Guirgis has written an issue play, with a capital “I,” one that touches on issues of crime and punishment, free will, religion and justice. And he’s built it on the back of some rat-a-tat dialogue and exchanges of ideas that continually reveal the capacity to surprise.

Mostly, he plays with opposites. There are two inmates at New York’s Rikers Island Prison, one an African American serial killer named Lucius Jenkins awaiting extradition to Florida who’s become something of a celebrity since his conversion to God. As played by Gathegi, he’s a smooth-talking operator whose embrace of religion can never quite be separated from the demonstrable benefit he’s gotten from it.

The other is Carvajal‘s Angel Cruz, an initially reticent Puerto Rican awaiting trial for shooting the leader of a cult that swept up his best friend — as he’s prone to remind anyone who will listen, he shot the shady preacher in the butt with no intention of actually killing him. We meet Angel as he struggles to remember the words to the Lord’s Prayer — but when goaded to speak, he can flash an impulsiveness that helps explain the unfortunate situation in which he finds himself.

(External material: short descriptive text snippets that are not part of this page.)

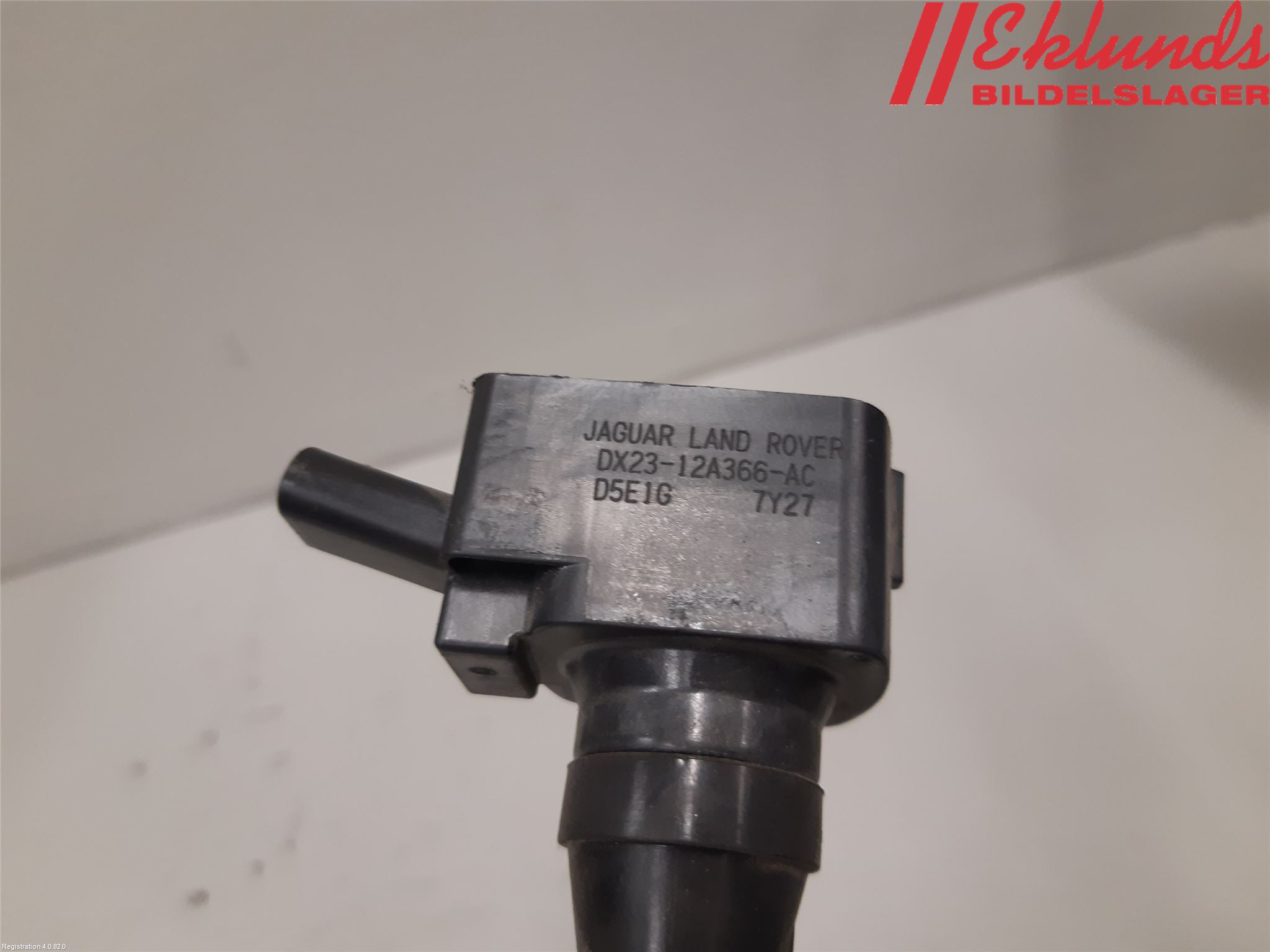 Landrover RANGE ROVER (L405) 13-21 Tändspole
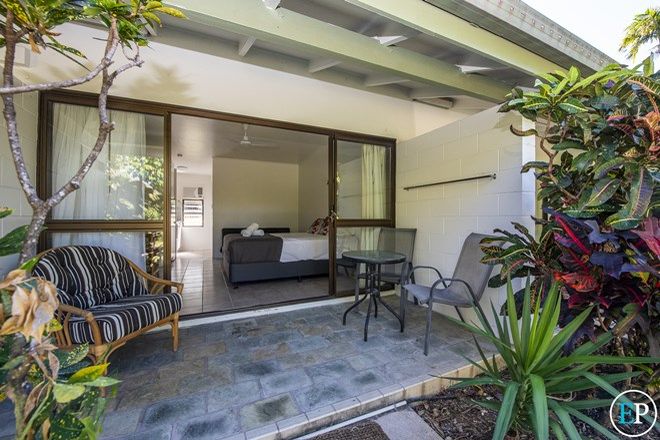 Picture of 6/61-79 Mandalay Avenue, NELLY BAY QLD 4819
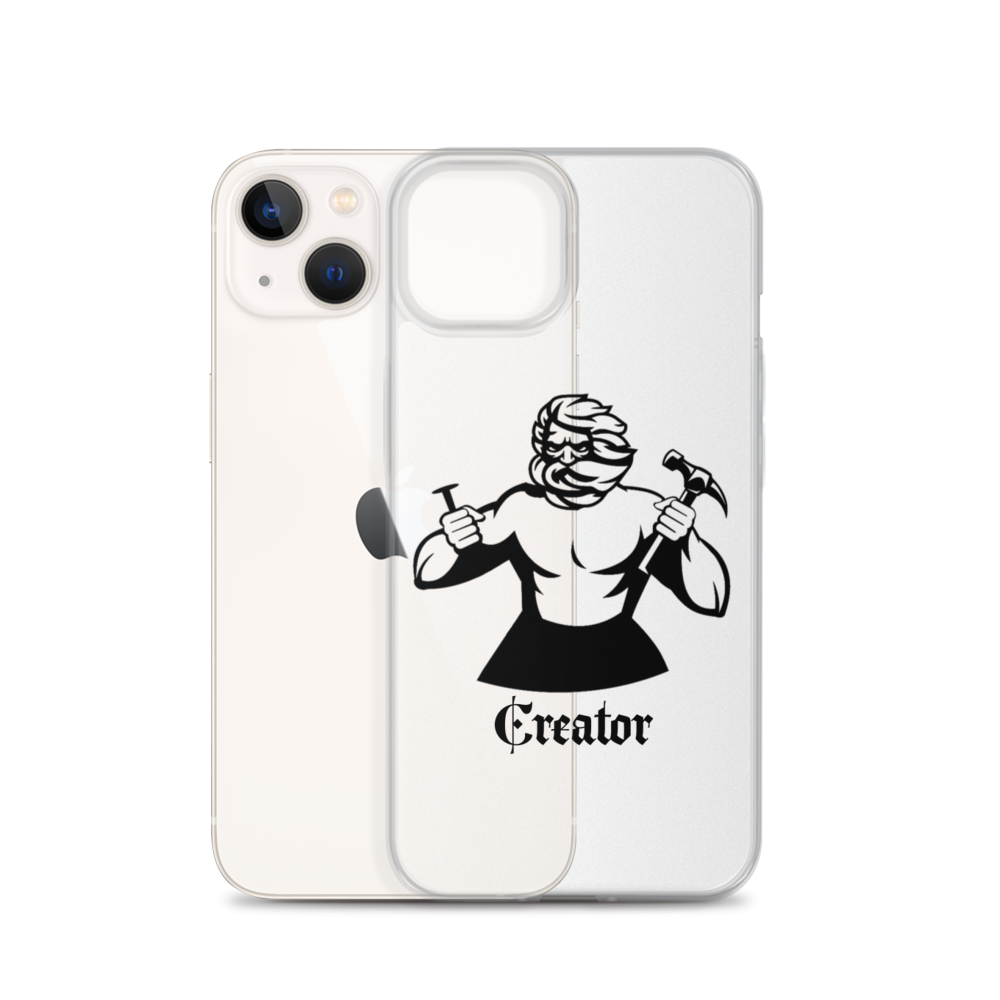 iPhone-Hülle ,,heimwerker''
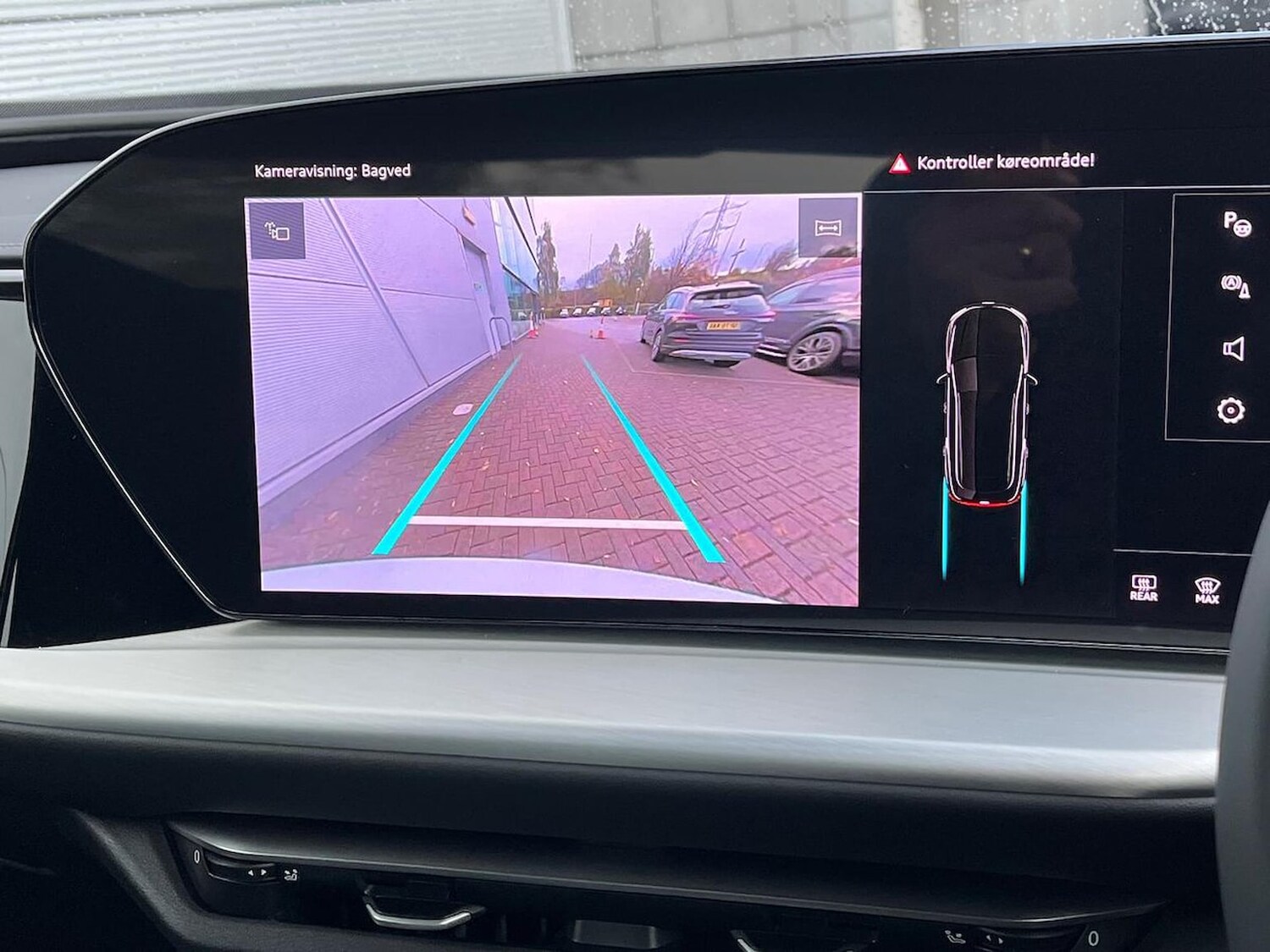 Used Audi Q5 2025 for sale - 77489090: Photo 23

The play also introduces two guards, who are similarly cast in opposition: a by-the-book martinet (Erick Betancourt) and a more easy-going pushover (Ricardo Chavira) who proves to be more indulgent of Lucius and malleable to his undeniable charisma.

There’s a fifth character too: a do-gooding public defender (Stephanie DiMaggio) who reluctantly agrees to take on Angel’s case. Underwritten and utterly conventional, the stuff of “Law & Order,” she serves mostly to deliver plot points between the lively debates about faith and justice.

And it’s here, in those Sorkin-like exchanges that dance around Big Ideas without ever settling on even Medium-Size Conclusions, that Guirgis‘ work shines. Nearly two decades after Philip Seymour Hoffman directed the first production, “Jesus Hopped the ‘A’ Train” still packs a punch.